**Supplied entries**
■ ■ ■ ■
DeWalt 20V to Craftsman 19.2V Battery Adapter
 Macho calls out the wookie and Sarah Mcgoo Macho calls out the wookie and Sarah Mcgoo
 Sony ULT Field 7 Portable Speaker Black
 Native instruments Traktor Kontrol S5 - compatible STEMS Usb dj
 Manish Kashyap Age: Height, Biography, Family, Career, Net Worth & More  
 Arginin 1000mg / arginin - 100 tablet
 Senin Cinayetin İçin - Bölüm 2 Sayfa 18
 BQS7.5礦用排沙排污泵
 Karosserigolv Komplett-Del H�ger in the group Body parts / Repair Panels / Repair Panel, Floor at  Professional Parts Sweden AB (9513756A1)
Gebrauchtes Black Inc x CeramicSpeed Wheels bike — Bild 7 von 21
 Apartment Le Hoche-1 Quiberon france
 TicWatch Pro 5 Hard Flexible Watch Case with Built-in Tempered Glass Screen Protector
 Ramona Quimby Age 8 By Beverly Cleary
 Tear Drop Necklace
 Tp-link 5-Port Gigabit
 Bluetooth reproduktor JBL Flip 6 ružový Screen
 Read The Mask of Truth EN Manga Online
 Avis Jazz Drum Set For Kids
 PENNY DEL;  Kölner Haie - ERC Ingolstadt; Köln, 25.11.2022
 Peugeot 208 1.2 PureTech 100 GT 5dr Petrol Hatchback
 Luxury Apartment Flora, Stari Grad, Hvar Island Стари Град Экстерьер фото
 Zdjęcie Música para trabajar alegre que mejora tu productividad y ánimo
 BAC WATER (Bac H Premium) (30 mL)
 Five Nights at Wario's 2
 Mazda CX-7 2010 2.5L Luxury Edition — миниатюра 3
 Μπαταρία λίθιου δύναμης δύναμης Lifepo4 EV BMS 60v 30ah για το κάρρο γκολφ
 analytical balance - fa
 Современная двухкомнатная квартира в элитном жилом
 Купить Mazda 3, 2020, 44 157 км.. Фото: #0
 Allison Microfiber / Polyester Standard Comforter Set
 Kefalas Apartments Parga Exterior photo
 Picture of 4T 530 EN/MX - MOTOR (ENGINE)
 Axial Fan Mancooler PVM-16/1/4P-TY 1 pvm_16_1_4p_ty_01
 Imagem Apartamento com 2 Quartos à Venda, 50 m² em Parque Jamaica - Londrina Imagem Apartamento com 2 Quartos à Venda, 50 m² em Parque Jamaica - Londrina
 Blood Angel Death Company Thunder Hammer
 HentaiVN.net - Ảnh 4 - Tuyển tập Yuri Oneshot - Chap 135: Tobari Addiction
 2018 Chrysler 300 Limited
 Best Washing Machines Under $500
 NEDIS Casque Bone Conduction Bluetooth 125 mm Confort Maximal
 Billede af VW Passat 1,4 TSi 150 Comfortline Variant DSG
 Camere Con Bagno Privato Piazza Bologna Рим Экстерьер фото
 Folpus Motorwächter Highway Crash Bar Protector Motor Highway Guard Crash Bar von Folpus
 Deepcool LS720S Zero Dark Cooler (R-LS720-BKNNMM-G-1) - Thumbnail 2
■ ■ ■ ■
**Exercise requirements**
Please repeat word for word the lines above that run from the beginning through the line containing "Mazda CX-7 2010", keeping both the first and that last line.

**Result for this task**
DeWalt 20V to Craftsman 19.2V Battery Adapter
 Macho calls out the wookie and Sarah Mcgoo Macho calls out the wookie and Sarah Mcgoo
 Sony ULT Field 7 Portable Speaker Black
 Native instruments Traktor Kontrol S5 - compatible STEMS Usb dj
 Manish Kashyap Age: Height, Biography, Family, Career, Net Worth & More  
 Arginin 1000mg / arginin - 100 tablet
 Senin Cinayetin İçin - Bölüm 2 Sayfa 18
 BQS7.5礦用排沙排污泵
 Karosserigolv Komplett-Del H�ger in the group Body parts / Repair Panels / Repair Panel, Floor at  Professional Parts Sweden AB (9513756A1)
Gebrauchtes Black Inc x CeramicSpeed Wheels bike — Bild 7 von 21
 Apartment Le Hoche-1 Quiberon france
 TicWatch Pro 5 Hard Flexible Watch Case with Built-in Tempered Glass Screen Protector
 Ramona Quimby Age 8 By Beverly Cleary
 Tear Drop Necklace
 Tp-link 5-Port Gigabit
 Bluetooth reproduktor JBL Flip 6 ružový Screen
 Read The Mask of Truth EN Manga Online
 Avis Jazz Drum Set For Kids
 PENNY DEL;  Kölner Haie - ERC Ingolstadt; Köln, 25.11.2022
 Peugeot 208 1.2 PureTech 100 GT 5dr Petrol Hatchback
 Luxury Apartment Flora, Stari Grad, Hvar Island Стари Град Экстерьер фото
 Zdjęcie Música para trabajar alegre que mejora tu productividad y ánimo
 BAC WATER (Bac H Premium) (30 mL)
 Five Nights at Wario's 2
 Mazda CX-7 2010 2.5L Luxury Edition — миниатюра 3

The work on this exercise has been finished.